What is needed » Below are the records; give again exactly the lines from the one containing "Апартаменты Holiday home" through the one containing "Burglar begs judge", leaving out pictures.

Task material »

------------

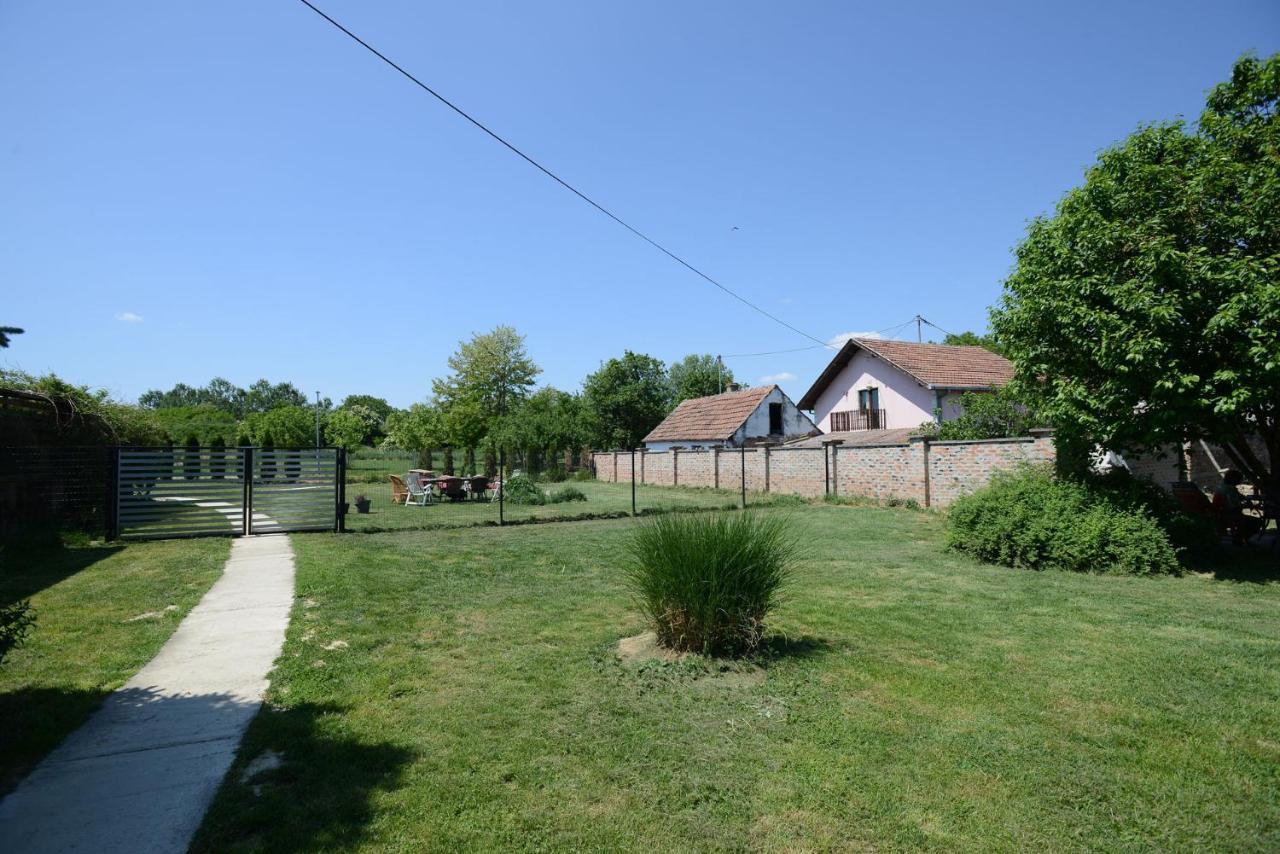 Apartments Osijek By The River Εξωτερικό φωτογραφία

------------

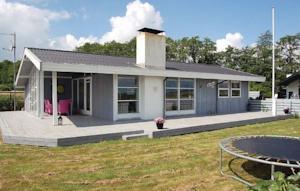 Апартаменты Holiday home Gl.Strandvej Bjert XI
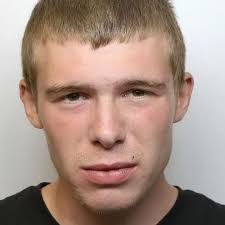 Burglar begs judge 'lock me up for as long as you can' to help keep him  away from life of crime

------------

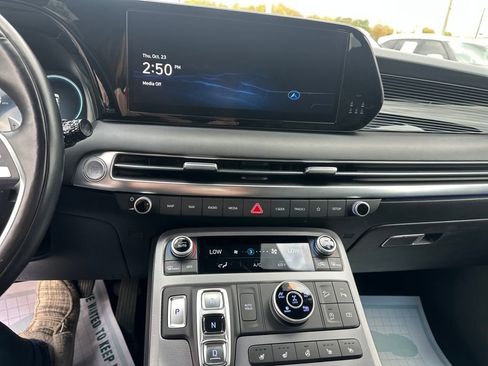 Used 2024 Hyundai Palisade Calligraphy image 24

------------

Worked solution »
 Апартаменты Holiday home Gl.Strandvej Bjert XI
 Burglar begs judge 'lock me up for as long as you can' to help keep him  away from life of crime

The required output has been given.